Read T J McNamara's review for the New Zealand Herald here.

Pylon
oil on canvas 60.5 x 90 cm

Peter Wichman paints figures in landscapes. Sand, Storm, Quarry and Beach are, however, generalised sites for Wichman’s painterly, near-abstract grounds in muted colours, upon which his figures group and regroup. The discrepant scale of these figures further undermines certainties of time and place, as does his technique of containing the figures within dark outlines as Wichman’s Post-Impressionist ancestors also did.

Wichman is a writer as well as a painter. His paintings deal with dark themes of power and love, violence and exploitation. The pictures group together like a collection of short stories.

Quarry
oil on canvas 65 x 101 cm

Circle
oil on canvas 55 x 90.5 cm

Sand
oil on canvas 55 x 70 cm

Art
oil on canvas 37 x 49.5 cm

Wichman has always been interested in the idea of the social outsider. Gays, cross-dressers, criminals, the insane or physically deformed, and above all the artist, populate his work. The title of this exhibition, Familial, reflects the human condition of the individual (or by extension the family unit) against the world. While a couple of the paintings include figures whose expressions and body language hint at the anguished isolation of the insane, others suggest mafia mobsters, braced (and armed) for ruthless action. Naked figures await execution. But Wichman enjoys ambiguity. Many of the ‘mob’ themselves are semi-naked. A fine line divides vulnerability and brute male strength. In Quarry we see another ambiguity. A human couple and a pair of snakes copulate – or do they fight?
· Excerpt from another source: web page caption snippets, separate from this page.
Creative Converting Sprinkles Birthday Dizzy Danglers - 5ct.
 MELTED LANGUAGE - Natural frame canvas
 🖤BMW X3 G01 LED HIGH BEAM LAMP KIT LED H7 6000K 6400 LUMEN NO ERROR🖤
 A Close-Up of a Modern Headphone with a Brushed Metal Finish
Wichman is interested in the way in which violence is justified in the minds of its perpetrators. The Christ Child in Majesty hovers above a fraternity of soldiers. The prize of money, too, relaxes moral codes. Wichman returns in several of the pictures to one of his favourite themes: the world of the circus, the acrobat, the juggler. Like Picasso’s sad saltimbanques, these figures – and the runner in Storm – are manipulated by others for profit.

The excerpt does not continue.